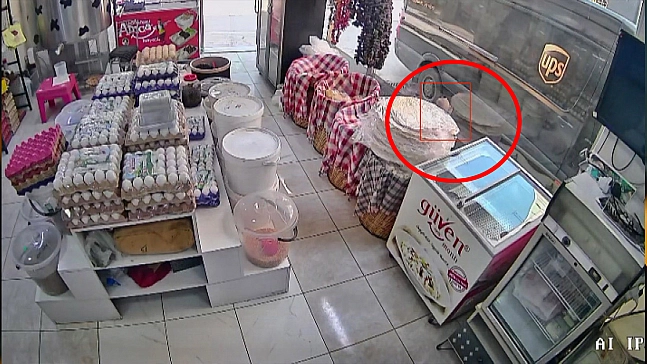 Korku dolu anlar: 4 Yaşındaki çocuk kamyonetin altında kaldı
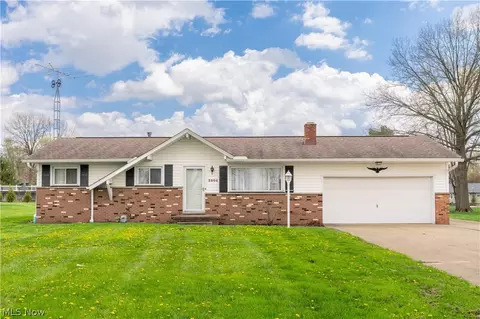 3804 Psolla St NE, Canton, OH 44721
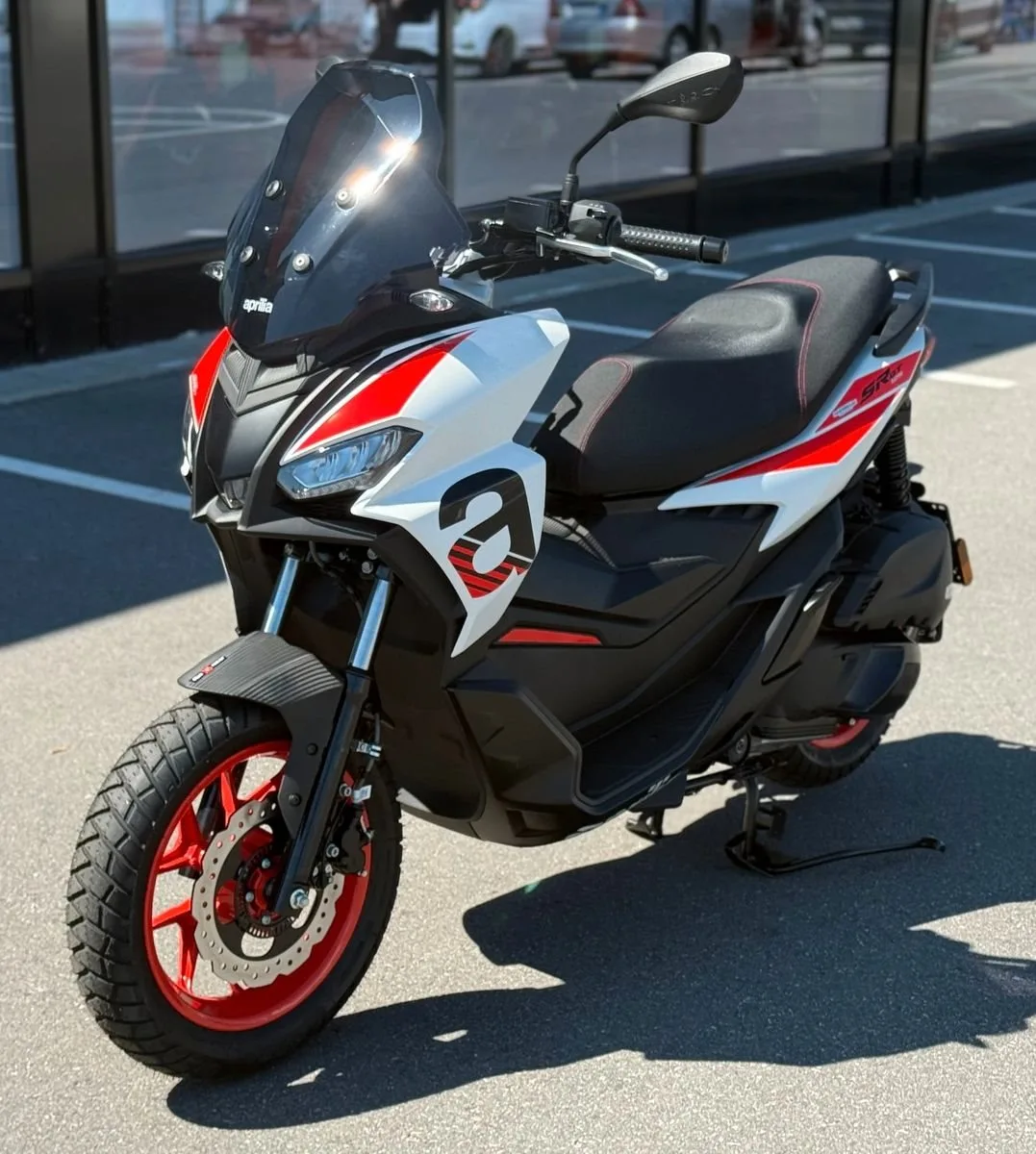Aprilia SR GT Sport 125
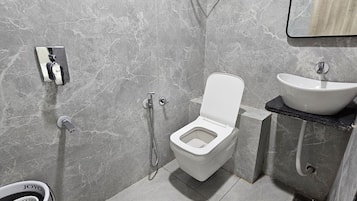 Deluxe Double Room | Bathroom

● **Task item**
Reproduce the data word for word; no pictures.

● **Solution for this exercise**
 Korku dolu anlar: 4 Yaşındaki çocuk kamyonetin altında kaldı
 3804 Psolla St NE, Canton, OH 44721
Aprilia SR GT Sport 125
 Deluxe Double Room | Bathroom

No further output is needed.